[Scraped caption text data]
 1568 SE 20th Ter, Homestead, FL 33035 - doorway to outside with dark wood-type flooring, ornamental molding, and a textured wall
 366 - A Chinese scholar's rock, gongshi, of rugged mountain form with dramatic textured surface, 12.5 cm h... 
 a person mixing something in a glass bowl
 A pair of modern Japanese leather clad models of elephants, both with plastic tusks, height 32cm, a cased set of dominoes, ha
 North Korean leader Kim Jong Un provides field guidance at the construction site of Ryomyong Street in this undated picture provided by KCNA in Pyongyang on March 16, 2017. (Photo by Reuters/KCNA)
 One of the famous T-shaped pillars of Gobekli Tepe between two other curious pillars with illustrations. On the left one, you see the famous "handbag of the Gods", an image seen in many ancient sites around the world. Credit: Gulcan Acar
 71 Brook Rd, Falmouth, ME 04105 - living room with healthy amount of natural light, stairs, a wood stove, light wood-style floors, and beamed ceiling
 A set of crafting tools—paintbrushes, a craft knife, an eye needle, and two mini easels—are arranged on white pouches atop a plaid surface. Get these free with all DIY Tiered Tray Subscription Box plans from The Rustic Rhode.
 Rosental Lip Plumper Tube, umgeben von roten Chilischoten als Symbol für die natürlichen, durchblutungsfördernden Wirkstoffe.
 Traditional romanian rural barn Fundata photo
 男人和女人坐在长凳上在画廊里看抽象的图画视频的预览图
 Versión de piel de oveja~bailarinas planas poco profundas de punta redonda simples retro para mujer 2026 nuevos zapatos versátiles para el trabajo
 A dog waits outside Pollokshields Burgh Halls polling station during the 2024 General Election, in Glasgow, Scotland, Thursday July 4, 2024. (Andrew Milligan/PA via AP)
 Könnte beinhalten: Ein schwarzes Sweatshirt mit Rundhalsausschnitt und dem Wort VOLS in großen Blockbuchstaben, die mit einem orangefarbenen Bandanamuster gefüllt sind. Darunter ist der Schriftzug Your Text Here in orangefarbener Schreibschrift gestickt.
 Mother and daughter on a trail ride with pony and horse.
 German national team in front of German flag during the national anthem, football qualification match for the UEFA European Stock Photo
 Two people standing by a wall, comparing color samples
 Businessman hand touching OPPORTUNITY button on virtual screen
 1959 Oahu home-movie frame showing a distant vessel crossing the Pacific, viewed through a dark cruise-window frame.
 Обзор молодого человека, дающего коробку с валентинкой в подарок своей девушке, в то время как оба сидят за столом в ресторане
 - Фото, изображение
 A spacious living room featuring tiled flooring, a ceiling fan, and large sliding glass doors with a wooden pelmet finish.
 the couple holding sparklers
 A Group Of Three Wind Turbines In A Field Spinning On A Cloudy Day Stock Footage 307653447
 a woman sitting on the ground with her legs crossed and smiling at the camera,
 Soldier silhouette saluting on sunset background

→ **Exercise instructions**:
From the data above, copy out every line with the string "textured" in it.

→ **Exercise response**:
 1568 SE 20th Ter, Homestead, FL 33035 - doorway to outside with dark wood-type flooring, ornamental molding, and a textured wall
 366 - A Chinese scholar's rock, gongshi, of rugged mountain form with dramatic textured surface, 12.5 cm h... 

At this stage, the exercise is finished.